WHAT IS BEING ASKED:
In the entries below, begin at the line that has "MODERN | PRIME AREA | UNFURNISHED" and stop after the line that has "Beats by Dr."; output those lines exactly, leaving out pictures.

EXERCISE DATA:
BEGIN

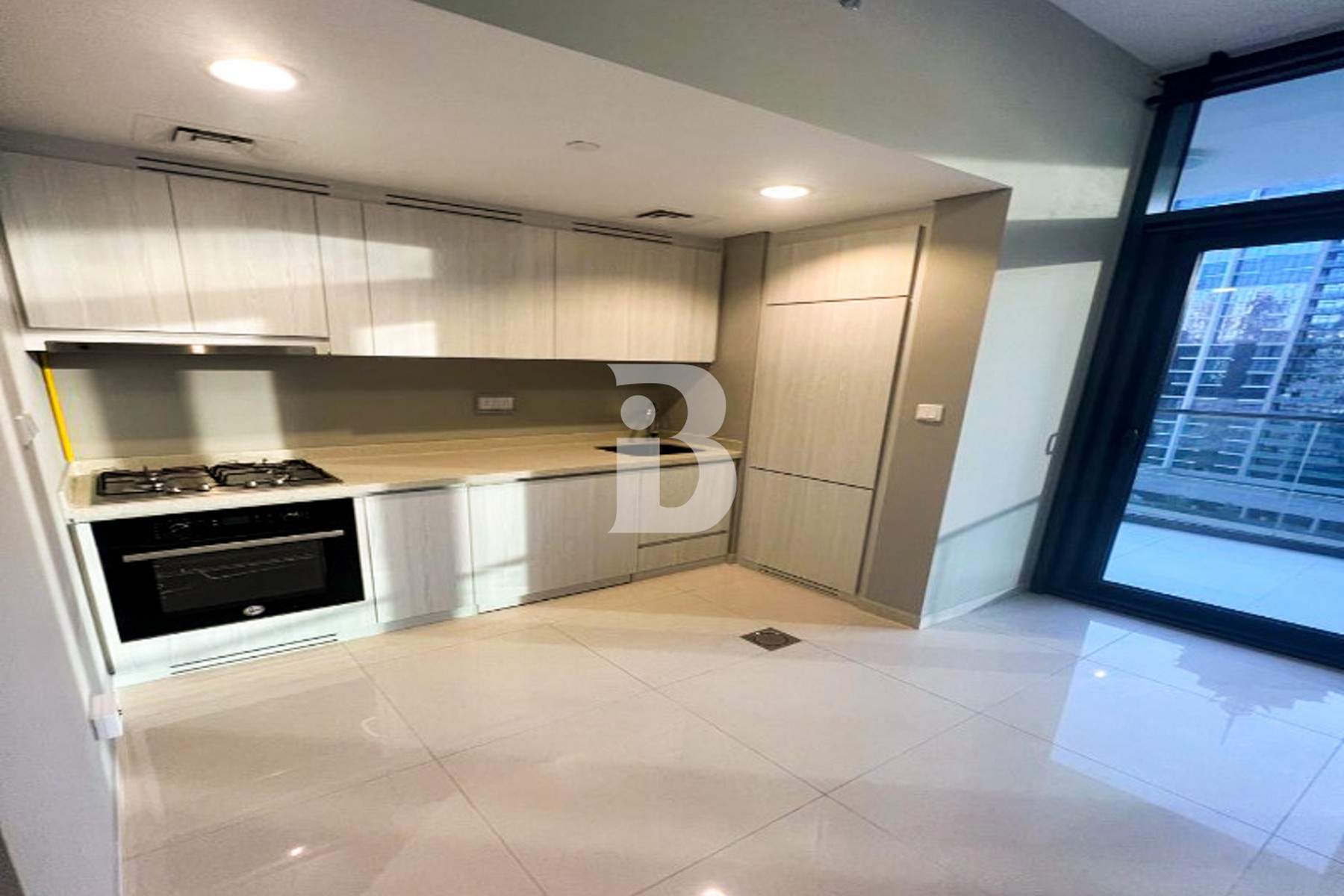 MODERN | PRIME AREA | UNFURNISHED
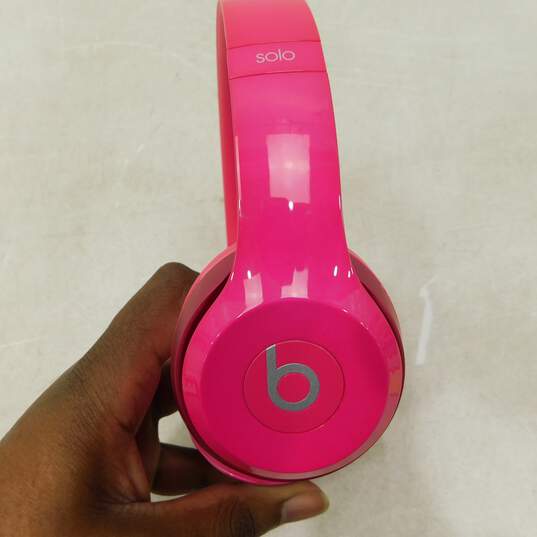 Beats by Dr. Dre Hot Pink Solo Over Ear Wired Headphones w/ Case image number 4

END
BEGIN

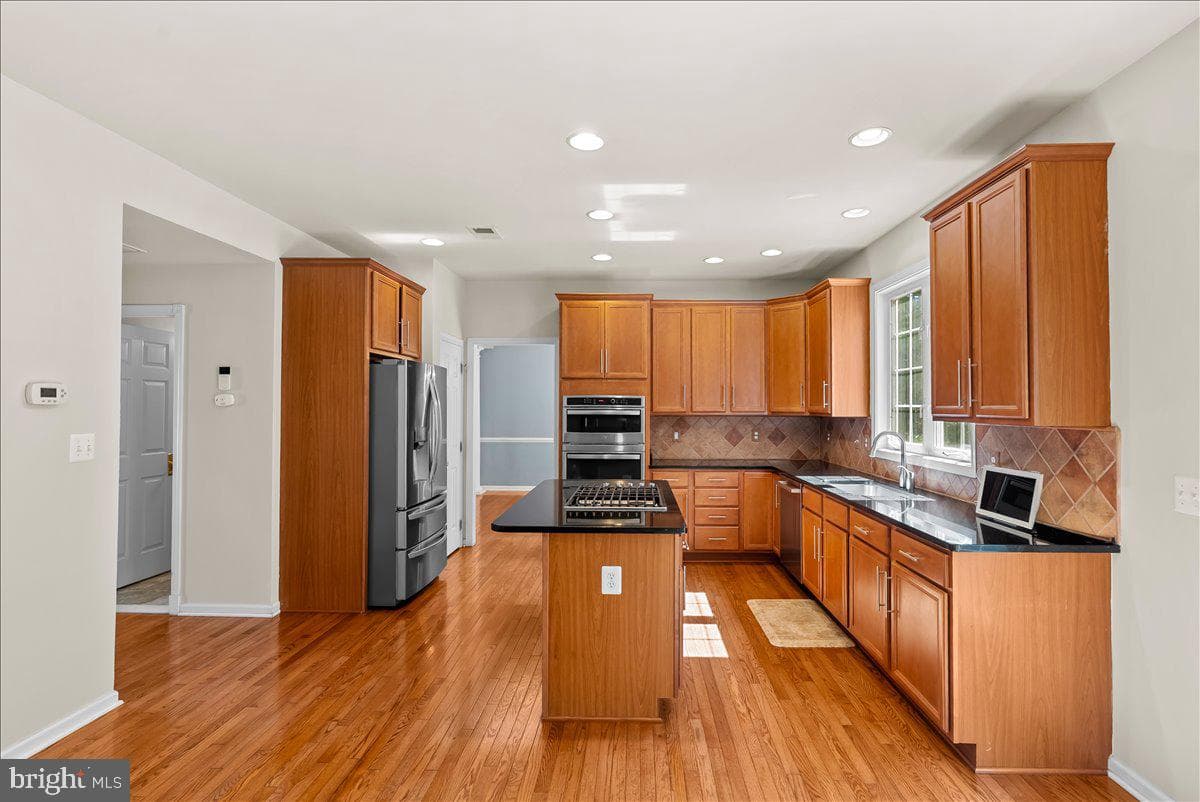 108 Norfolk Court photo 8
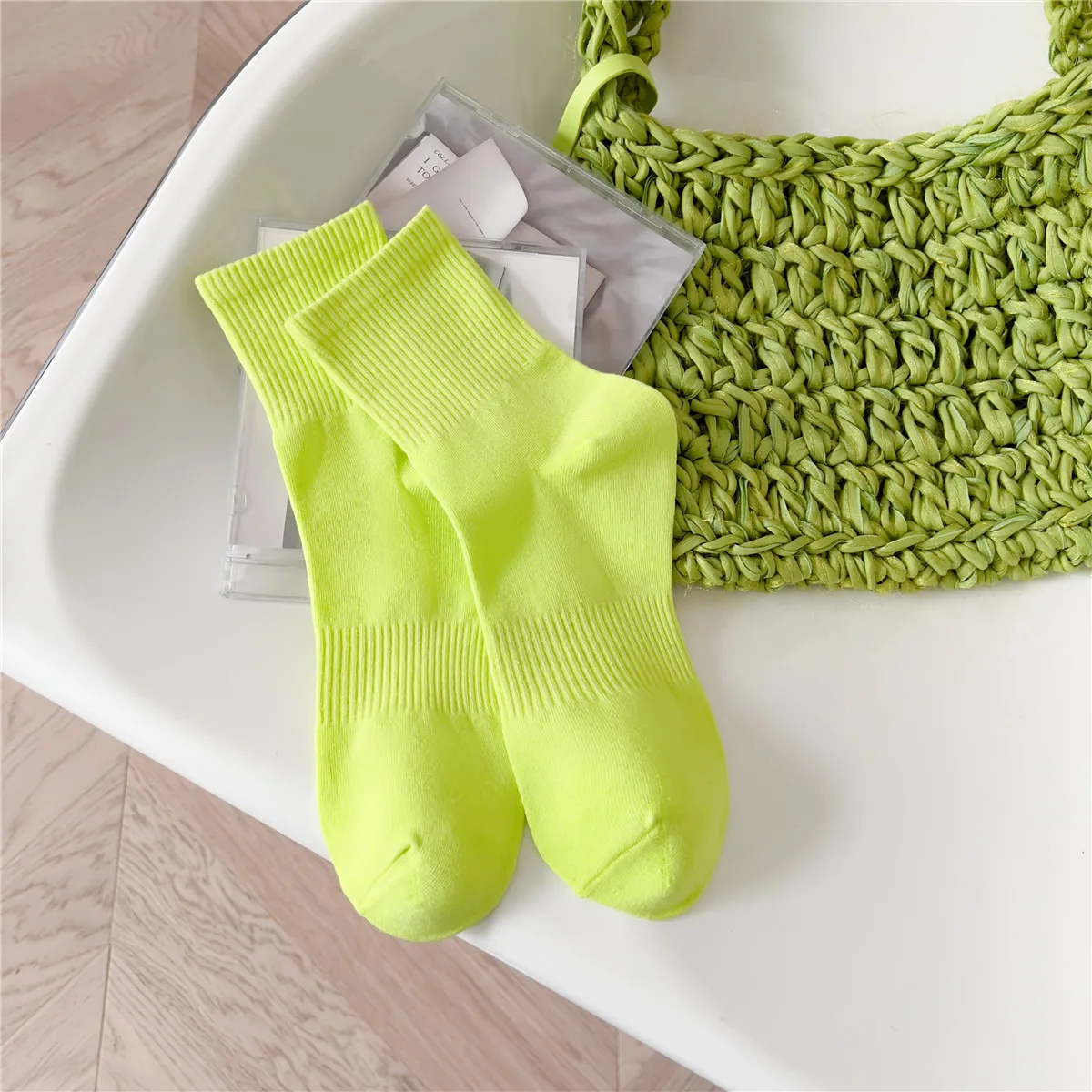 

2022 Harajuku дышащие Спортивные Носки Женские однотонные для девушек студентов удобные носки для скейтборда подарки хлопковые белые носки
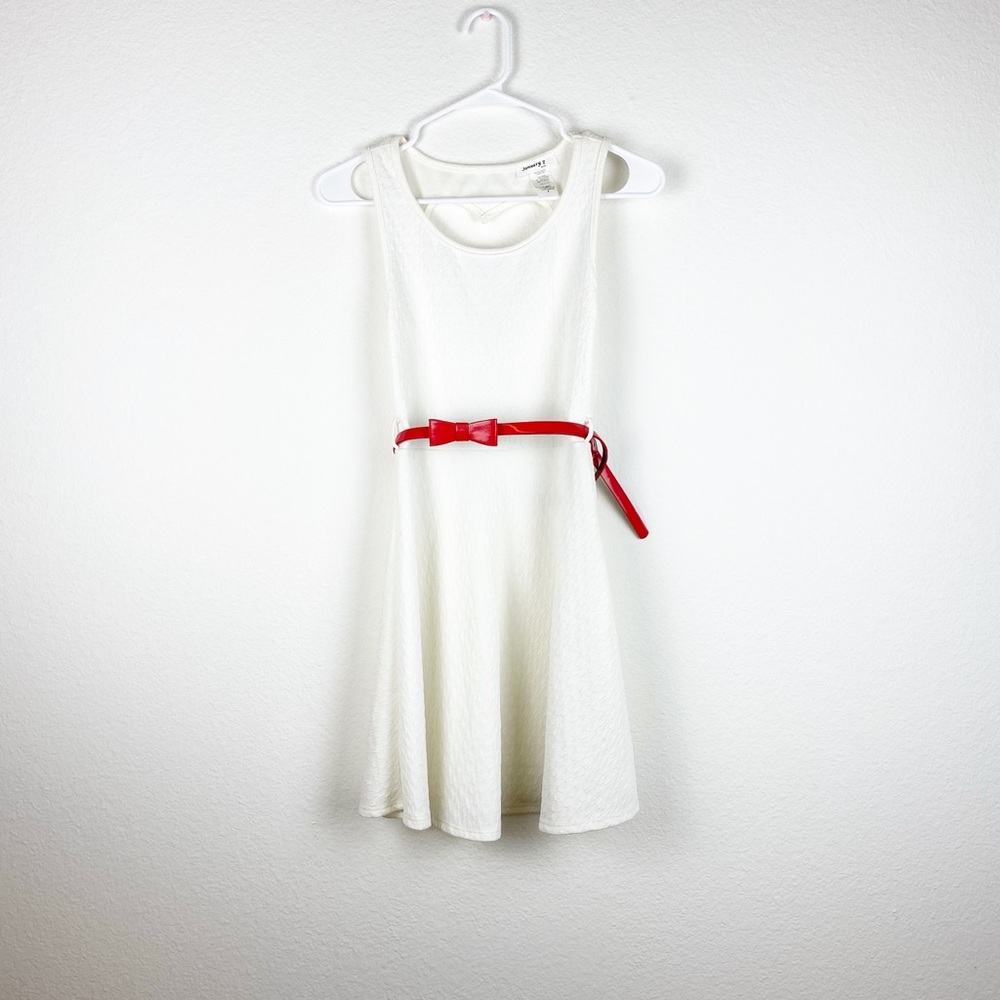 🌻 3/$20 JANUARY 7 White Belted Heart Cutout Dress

END
BEGIN

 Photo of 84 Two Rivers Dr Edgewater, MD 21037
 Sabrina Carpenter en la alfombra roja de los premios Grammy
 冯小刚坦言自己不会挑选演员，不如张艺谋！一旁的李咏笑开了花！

END

PROBLEM SOLUTION:
 MODERN | PRIME AREA | UNFURNISHED
 Beats by Dr. Dre Hot Pink Solo Over Ear Wired Headphones w/ Case image number 4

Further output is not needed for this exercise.